Their statement is merely a postulation to start with not some God given formula. The LPPLS on which it is based reads like a true academic document, and that's not a good thing. All theory, no experience, fitting the model to the data after the fact. Did you notice what WASN'T in the LPPLS document? Predictions. No predictions at all. Just like most TA aficionados, they can tell you why something happened, but only after it has happened. Before that it is a thumbsuck. LPPLS is not mathematics, it is a formula that relies on variables, a LOT of variables. Some of those variables are open to interpretation and manipulation, consciously or subconsciously. I wouldn't bother ever looking a LPPLS again. Had you linked to a document predicting the current crypto market dip at say, this time last year, I would have been impressed. As for that pdf? Someone is just trying to justify their academic position by publishing yet more rubbish for all of us to ingest. The fact that the document started out by calling itself a "law" was really all you needed to know about that paper. Cue the red warning lights when you see talk like that!
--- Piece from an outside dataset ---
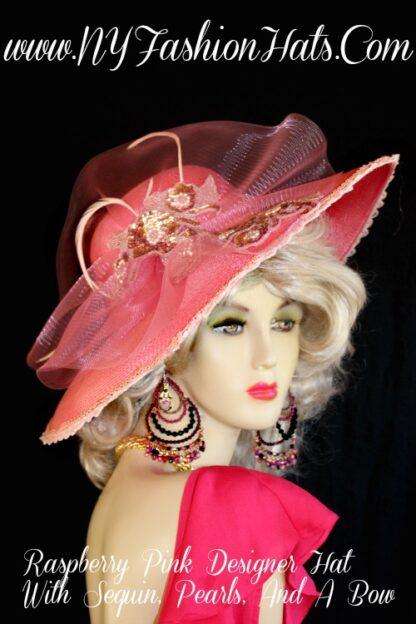 Kentucky Derby Hats Pink Designer Beaded Sequin Hat NY Fashion Hats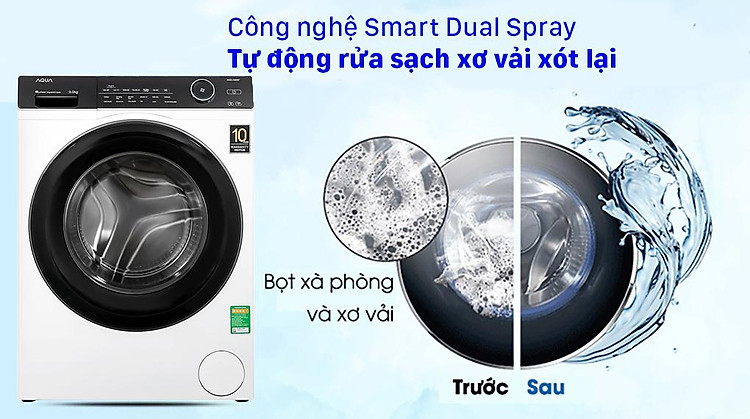 Máy giặt Aqua Inverter 9.0 KG AQD-A900F W - Công nghệ Smart Dual Spray hạn chế sơ vải cho lần giặt sau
The second point in the article was Metcalfe's law and basing a drop in BTC price on that. What. The. Hell. That makes no sense.

I think that someone is trying to sound clever by mentioning a law that they do not even understand. On it's own Metcalfe's law means nothing. The effect of Metcalfe's law is proportional to the number of users of a network, in this case Bitcoin. So if Bitcoin gains more users, it becomes more valuable, and vice versa. They might as well have left the law out entirely, mentioning it is redundant.

What this means

published a twenty page study on the predictability of bitcoin bubbles, using Metcalfe’s law and Log-Periodic Power Law Singularity (LPPLS), and determined bitcoin’s market capitalization might fall as much as $44 billion, or 35%

is nothing. it means they are thumbsucking figures to fit their preconceived LPPLS notion, using that to predict a decline in Bitcoin users (good luck with that!), applying that figure to Metcalfe's law (unnecessarily), and then saying that price will drop. It's rubbish. 20 pages of rubbish, but still rubbish.

Maybe I'm wrong. So then answer me this: how many Bitcoin users are there. they have to know that - to use Metcalfe's law to give actual numerical outputs. Only BTC does not use names, just addresses, so they CAN'T know it. Not only that, but they would need to monitor active addresses. And growth or decline in number of active addresses would also immediately render their calculation obsolete.

Nice try researchers from ETH Zurich, now pull the other one, it's got bells on.

"Users" in this case is simply unique addresses.

FUD is basically made up bullshit. I don't consider this FUD because the analysis is subject to dissection. We can look at how they reached their conclusions and where we think their assumptions are wrong. It may be that they are way off the mark. But it is rigorous enough that it can be proven to be off the mark. FUD is just random hearsay.

I would argue that much FUD is carefully planned and coordinated. There is more to FUD than meets the eye. But that's an entirely new kettle of fish.